Monthly Archives: January 2013

Violins For India

No new sermon this week: I led a communion service this morning, but we had a guest preacher, Patrick Coad from SCAT.

However, let me highlight something else: one of my former members at Knaphill, Ruth Pugh, recently left these shores for some missions work in India with a difference. She is working under the auspices of a bishop in the Church of North India to give music lessons to deprived children. It may not seem the most obvious of missionary causes, but this project will give increased dignity and self-esteem to these children. In the last few days, Ruth wrote to say that she needed three more small violins for younger children, who cannot cope with the full-size instruments. We held a retiring offering after this morning’s service and raised the money for more than two of them. The congregation didn’t know about this before arriving today, so I’m all the more delighted.
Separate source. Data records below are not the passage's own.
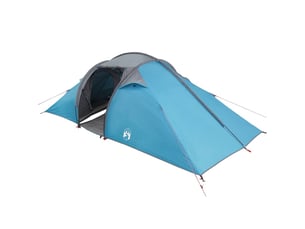 Tente tunnel, tente de camping 4 personne bleu taffetas imperméable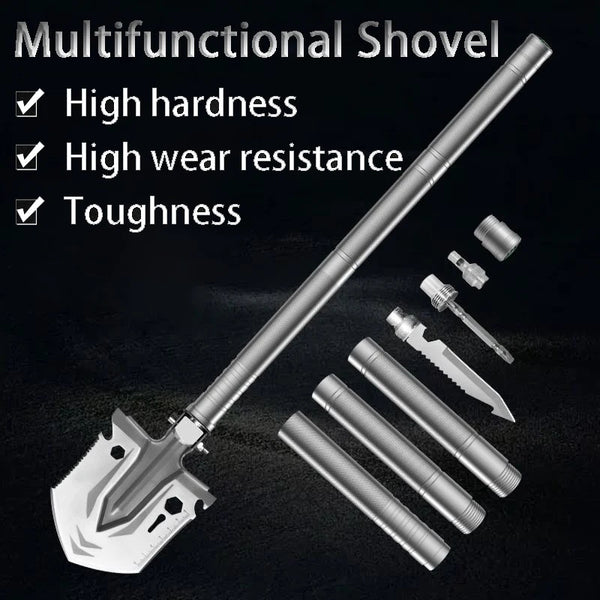 مجرفة تخييم قابلة للطي متعددة الأدوات – أداة بقاء قوية للرحلات والطوارئ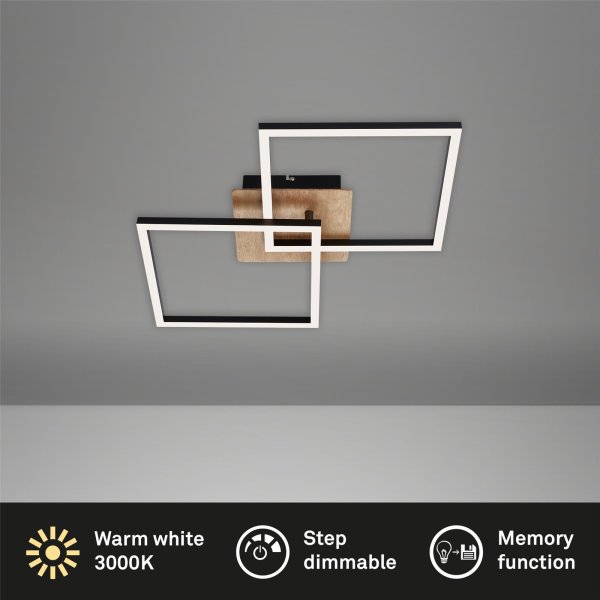 B-Kartonage Deckenleuchte Briloner Frame LED 24W 62CM Deckenlampe Schwenkbar Dimmbar 3000K Holz Schwarz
You can follow Ruth’s adventures here and sign up for email updates.

Sermon: Epiphany Meets The Covenant Service

Matthew 2:1-12

The Feast of Epiphany, when Christ was revealed to the Gentiles in the visit of the Magi, is one that sometimes gets overlooked in Methodist churches, because it frequently clashes with the annual Covenant Service. Today, I thought I would try combining the two. The Covenant Service is the time when we renew our commitment to Christ, and the Magi are a great example of that. They arrive in Jerusalem saying they have come to pay homage to the child born to be king of the Jews (verse 2) and when they finally get to the house where the child is, they get down on their knees and do exactly that (verse 11). This morning I want to highlight some of the elements in this story that make them into true worshippers that we can emulate in our way in our day.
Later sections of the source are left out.